■ **THE PROBLEM**
Using the records that follow, reproduce exactly the lines starting at the line containing "I'm with Keith" and ending at the line containing "Under the Information". Include both end lines and no pictures.

■ **STORED DATA**
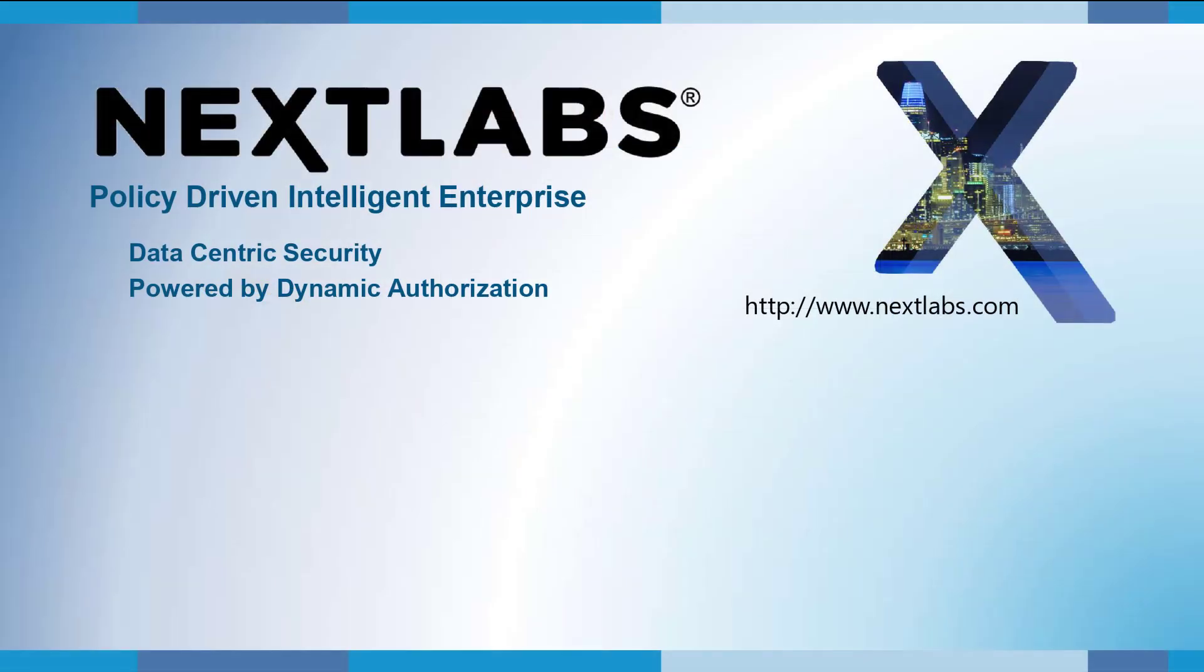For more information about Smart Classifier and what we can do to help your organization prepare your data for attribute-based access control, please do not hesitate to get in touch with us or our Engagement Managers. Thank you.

--

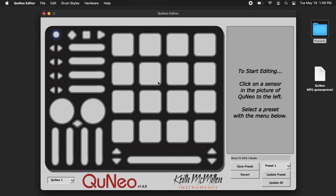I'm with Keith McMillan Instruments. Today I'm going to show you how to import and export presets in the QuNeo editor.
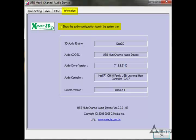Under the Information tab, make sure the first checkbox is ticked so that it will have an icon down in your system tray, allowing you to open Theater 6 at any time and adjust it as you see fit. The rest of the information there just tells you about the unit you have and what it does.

--

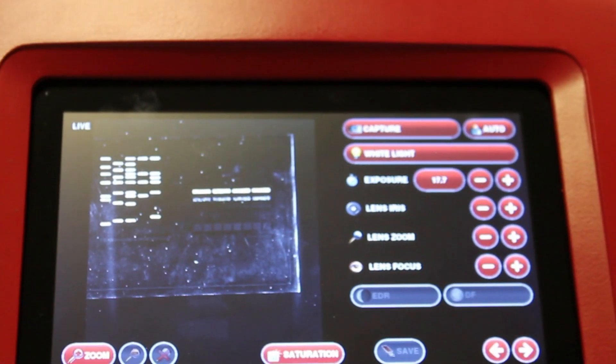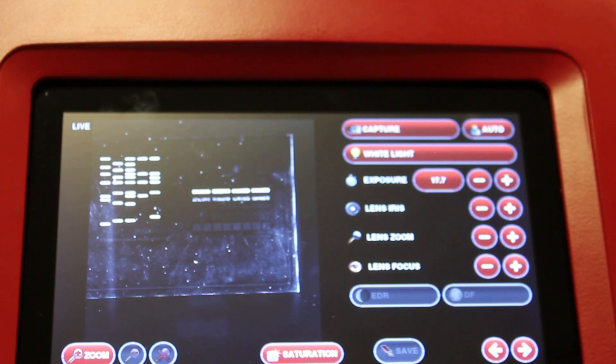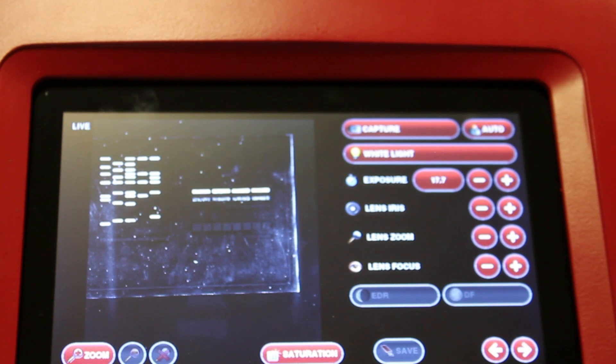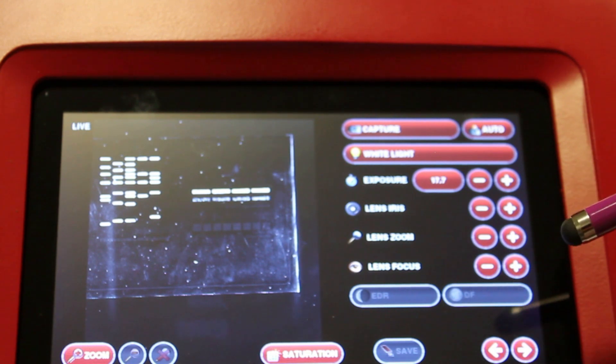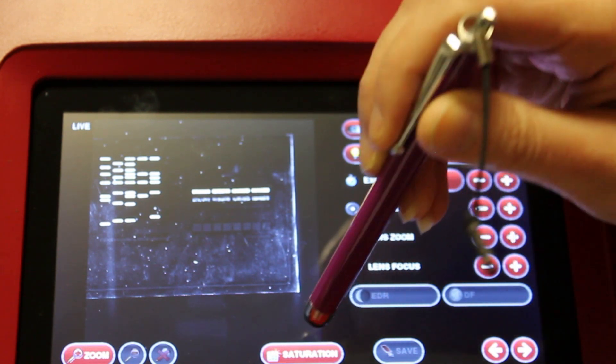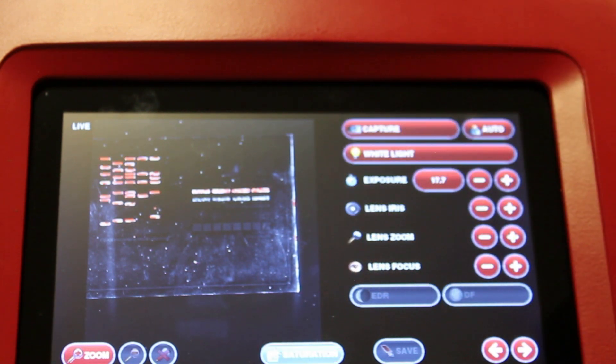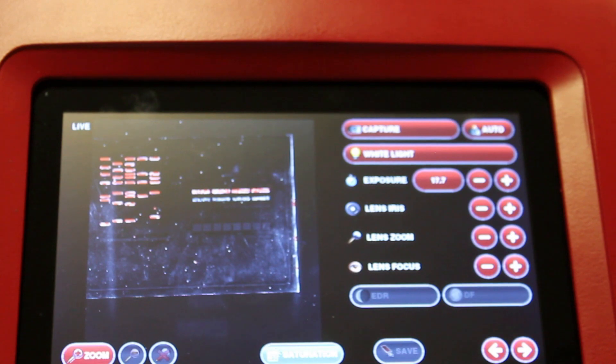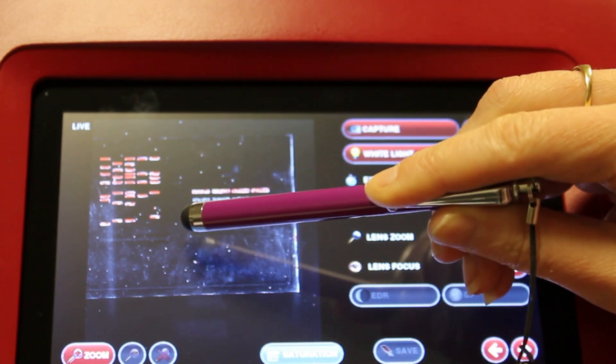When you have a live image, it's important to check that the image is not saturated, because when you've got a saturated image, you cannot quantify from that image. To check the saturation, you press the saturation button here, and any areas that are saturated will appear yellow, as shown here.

■ **SOLUTION TO THIS PROBLEM**
I'm with Keith McMillan Instruments. Today I'm going to show you how to import and export presets in the QuNeo editor.
Under the Information tab, make sure the first checkbox is ticked so that it will have an icon down in your system tray, allowing you to open Theater 6 at any time and adjust it as you see fit. The rest of the information there just tells you about the unit you have and what it does.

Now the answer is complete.